When it comes to the teams on-court production, the Wildcats could be better off without Knight.
Much better in fact.
Now, go and read the last two sentences again. You most likely think that’s a crazy notion but here’s why they could and should be much better.
It’s quite simple.
Coach Trevor Gleeson has to divvy up Matt’s 26.6MPG somehow. Logically (hopefully), he has to play Jameel McKay more than the measly 22.8MPG he currently averages.
This is a good thing.
Actually, it could be a great thing!
When he does play, Knight is very effective. According to RealGM.com, his 115.4 offensive rating (ORTG), 108.1 defensive rating (DRTG) and +7.3 net rating, all place in the top 25 for the league. He has been a helluva player whilst donning the red for 9 games this season.

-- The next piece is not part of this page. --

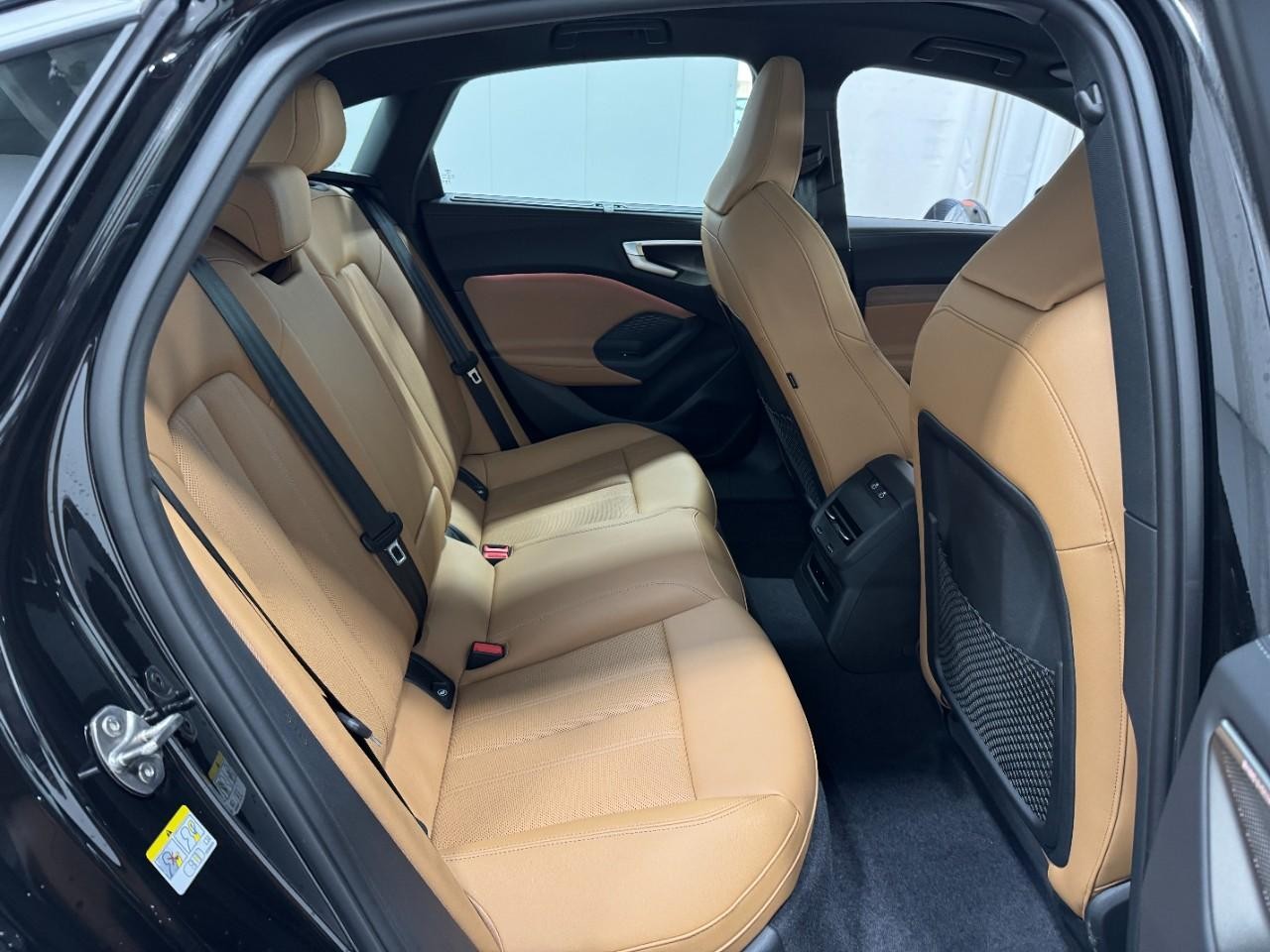 Audi A5 Vehicle Full-screen Gallery Image 10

If you compare his stats to Jameel McKay’s, you’ll understand why all of Perth should be bullish about the rest of the season.
Jameel’s 125.3 ORTG is top 5, 103.8 DRTG is top 6 and he has a +21.4 net rating, which places 4th overall amongst ALL players. He leads the league in offensive rebounding percentage, blocks per game and blocks percentage. He is top 10 in a number of categories.
As a club overall, Perth has been outscored and is utterly average: a 107.2 ORTG and 107.8 DRTG, indicative of a 6-6 record to date.
Simply put, Perth is quite clearly a much better team, offensively and defensively, with Jameel on the court. The difference is knight and mckay, ahhh, night and day.
If Perth wants to keep winning, McKay has to spend more time on the court than on the pine, spectating. Has to!
Coach Gleeson, has been presented with another opportunity to right an egregious, season-long, mistake.
As he seemingly hasn’t been taking notice, the basketball gods have practically hit him over the head this time.
Run through the stats and it’s obvious.
Play Jameel at least 30 minutes a game and he would be in the MVP discussion alongside teammate Casey Prather, 36er Jerome Randle and Sydney’s dynamic duo Kevin Lisch and Brad Newley.
Play Jameel at least 30 minutes a game and Perth’s offense and defense would both improve markedly.
For Gleeson, the answer has been right under his nose the whole time: utilise and unleash one of the best players in the league more.
The latest injury to club legend Matty Knight is utterly terrible, and yet, may be the catalyst to getting Perth’s season back on track.
Indeed, it’s not all doom and gloom for the Wildcats. It could be a blessing in disguise.